Setting each factor equal to zero and solving for x:
1) 2x−1 = 0
2x = 1
x = 1/2
2) x+2 = 0
x = -2
3) (8x−5)^2 = 0
Taking the square root of both sides:
8x−5 = 0
8x = 5
x = 5/8
Therefore, the function f(x) has three x-intercepts at x = 1/2, x = -2, and x = 5/8.
To find the x-intercepts of a function, you need to determine the values of x where the function equals zero.
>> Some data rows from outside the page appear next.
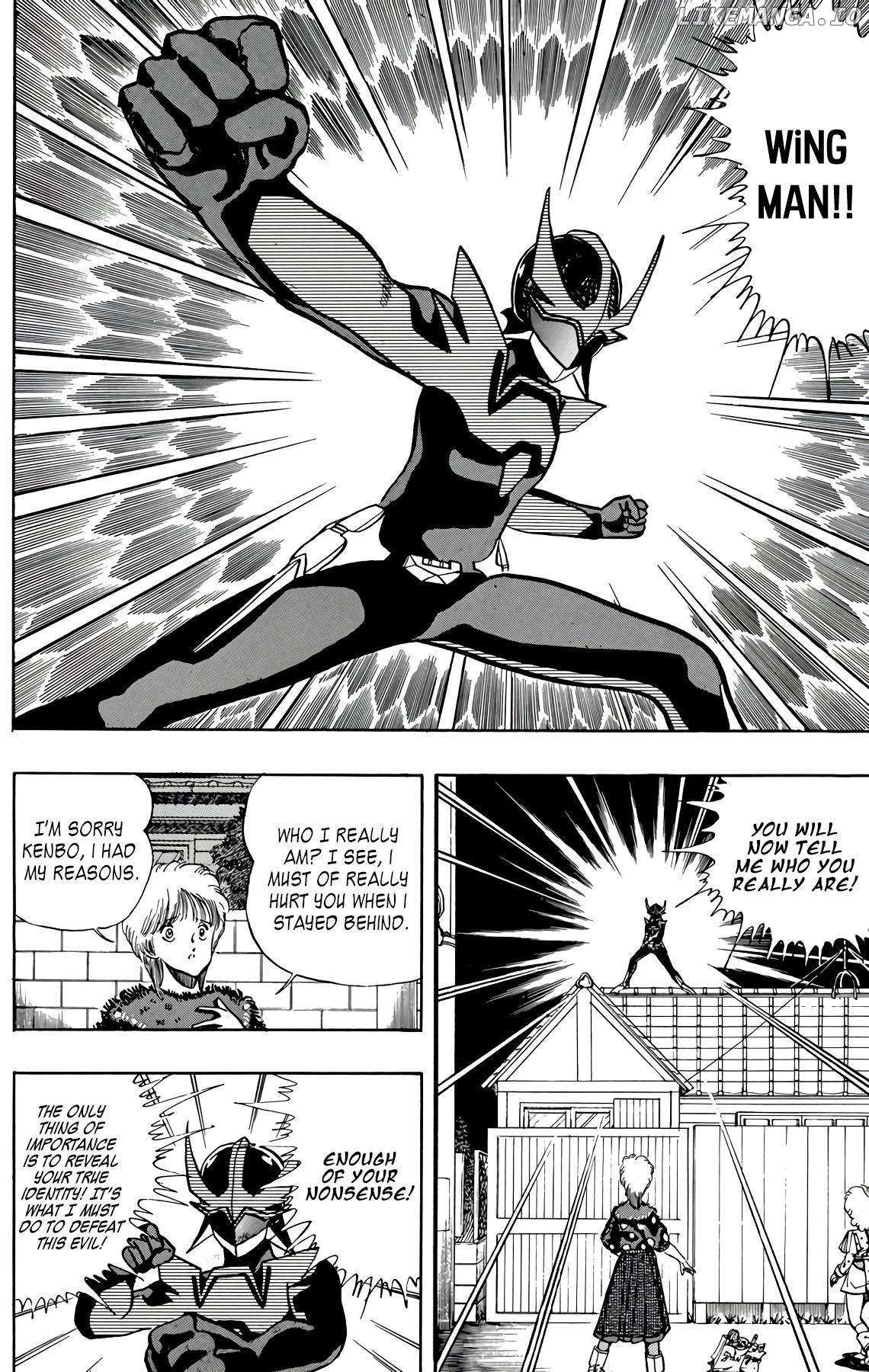 Read Wingman Manga Online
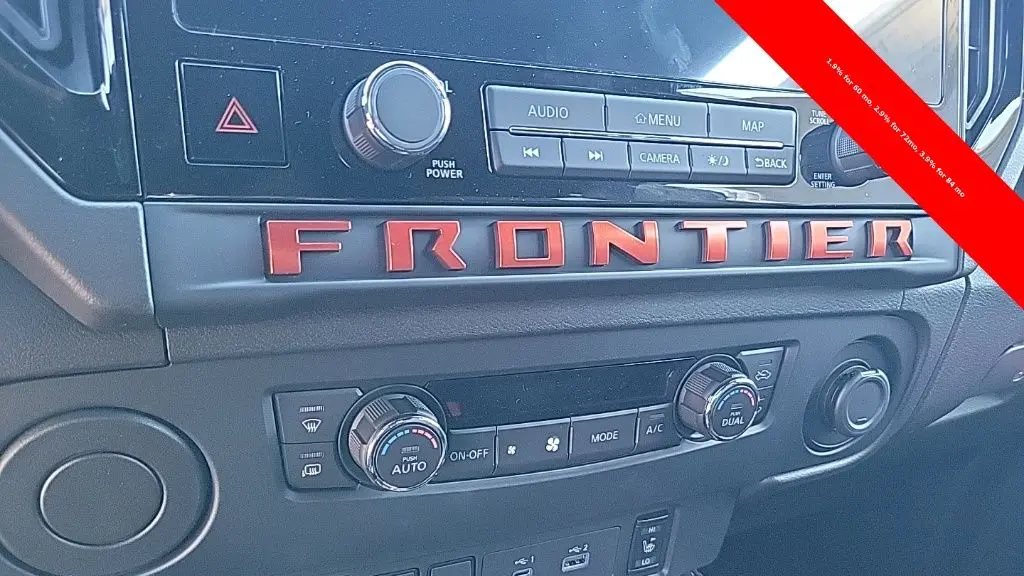 2026 Nissan Frontier PRO-X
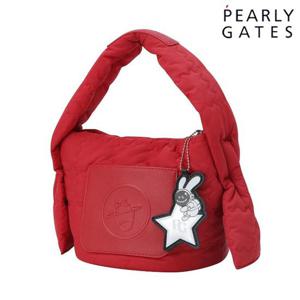 파리게이츠 (521D4BG001) 여성 스마일 탈착 키링 퀼팅 토트백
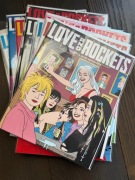 LOVE AND ROCKETS #01-15 Gilbert and Jaime Hednandez, Fantagraphics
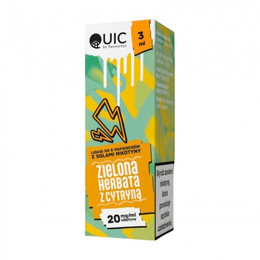 Жидкость QUIC Salt 3ml - Lemon Green Tea 20mg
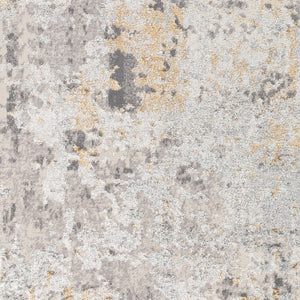 Livabliss Firenze Machine Woven Polyester Runner Rug Minimalist Modern Hallway Entryway Accent Camel, Gray 2' x 7' FZE2301-27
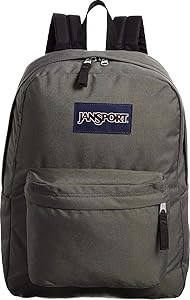 JanSport Стильный и легкий рюкзак Superbreak One из прочного материала 600 ден, 1 шт. 11308341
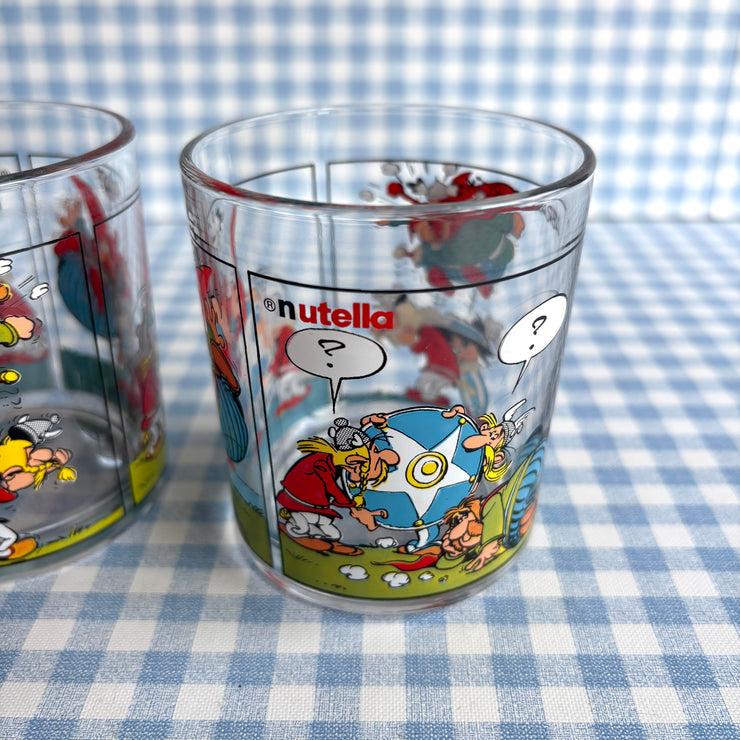 Lot 2 verres Astérix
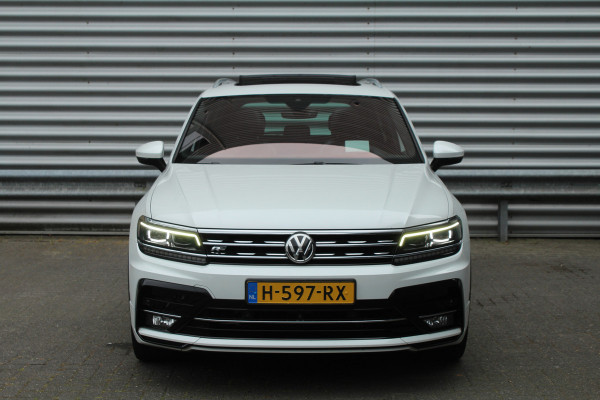 Volkswagen Tiguan 1.5 TSI 150pk ACT R-Line DSG7 NL-Auto NAP Panoramadak Clima Cruise Navi 360 Camera Dynaudio Keyless  HUD Dig. Cockpit El. Klep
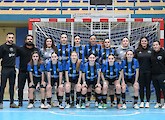 Clube Desportivo de Odiáxere sagrou-se campeão da Liga Algarve Futsal Juniores Femininos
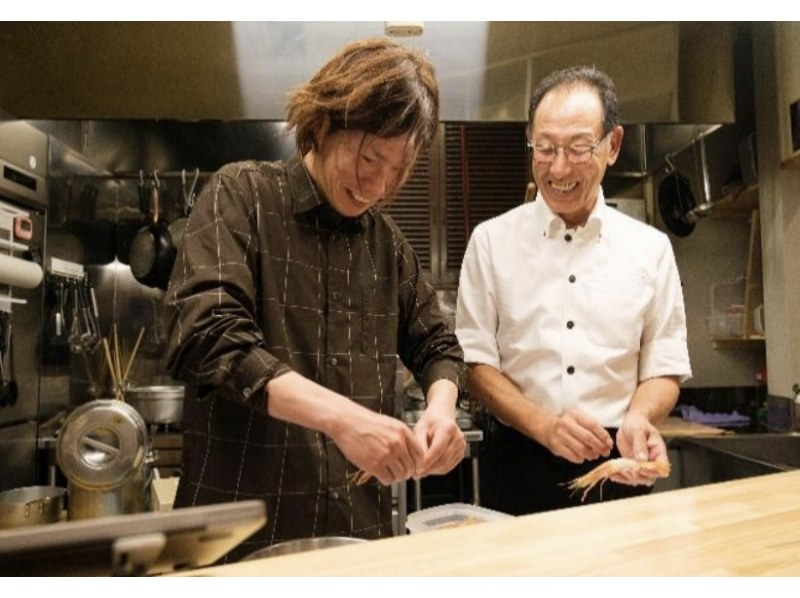 【北海道・網走】北国の和食料理人の包丁さばきと調理の妙 〜プロの和食料理の技を学ぶ〜の紹介画像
In other words, you're looking for the values of x that make f(x) = 0.
In this case, the function f(x) = 3(2x−1)(x+2)(8x−5)^2.
To find the x-intercepts, you can set f(x) equal to zero and solve for x:
0 = 3(2x−1)(x+2)(8x−5)^2
Now, since the function is multiplied by three terms: (2x−1)(x+2)(8x−5)^2, you can use the zero product property which states that if the product of several factors equals zero, then at least one of the factors must be zero.
So, you can set each factor equal to zero:
2x−1 = 0 (Factor 1)
x+2 = 0 (Factor 2)
(8x−5)^2 = 0 (Factor 3)
Solving each equation separately:
From Factor 1:
2x−1 = 0
Add 1 to both sides:
2x = 1
Divide both sides by 2:
x = 1/2
From Factor 2:
x+2 = 0
Subtract 2 from both sides:
x = -2
From Factor 3:
(8x−5)^2 = 0
Take the square root of both sides:
8x−5 = 0
Add 5 to both sides:
8x = 5
Divide both sides by 8:
x = 5/8
So, we have found three values of x that make f(x) = 0: x = 1/2, x = -2, and x = 5/8.
Therefore, the function f(x) = 3(2x−1)(x+2)(8x−5)^2 will have three x-intercepts when graphed.